Could you transcribe every record below exactly as written, excluding the pictures?

◆ Data supplied
=====

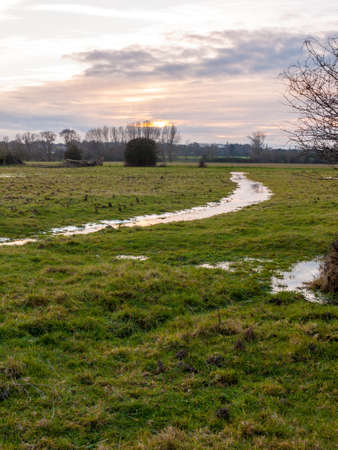 empty wet grass field low light sunset landscape dedham plain empty no people dramatic sky; essex; england; ukの写真素材
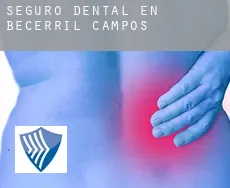 Seguro dental en  Becerril de Campos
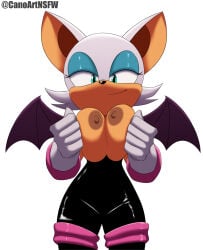 2d anthro bat busty busty_female busty_girl canoartnsfw cat_burglar curvaceous curvy curvy_body curvy_female curvy_figure curvy_hips female female_focus female_only hourglass_figure huge_boobs huge_breasts latex mobian mobian_(species) rouge_the_bat sega sexy sonic_(series) tagme voluptuous voluptuous_body voluptuous_female wide_hips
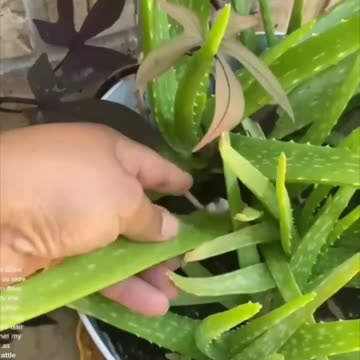 ALOE VERA HEALTH BENEFITS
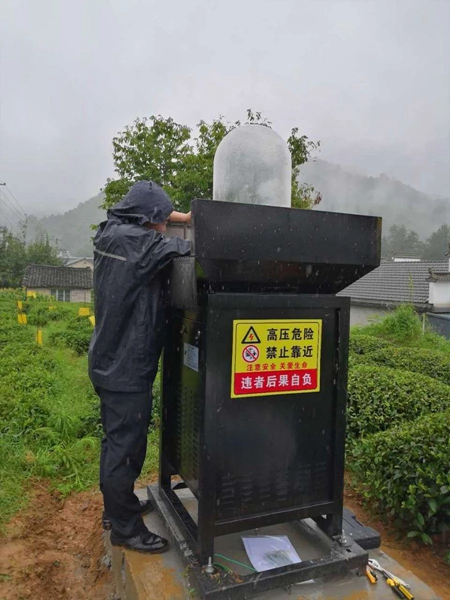 ����Ⱥ��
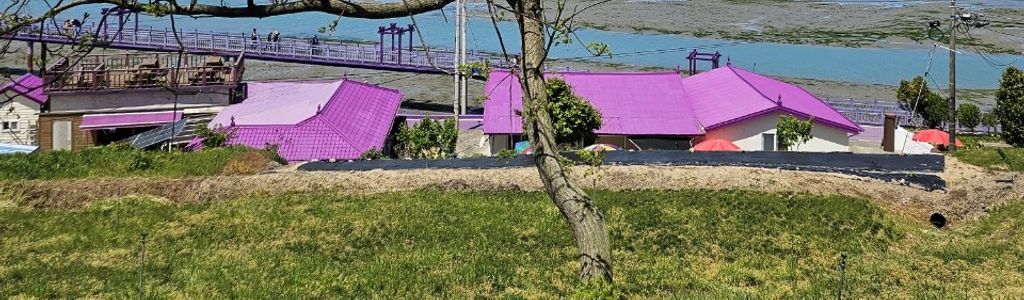 Profile Hero Background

=====

◆ Answer area
 empty wet grass field low light sunset landscape dedham plain empty no people dramatic sky; essex; england; ukの写真素材
 Seguro dental en  Becerril de Campos
 2d anthro bat busty busty_female busty_girl canoartnsfw cat_burglar curvaceous curvy curvy_body curvy_female curvy_figure curvy_hips female female_focus female_only hourglass_figure huge_boobs huge_breasts latex mobian mobian_(species) rouge_the_bat sega sexy sonic_(series) tagme voluptuous voluptuous_body voluptuous_female wide_hips
 ALOE VERA HEALTH BENEFITS
 ����Ⱥ��
 Profile Hero Background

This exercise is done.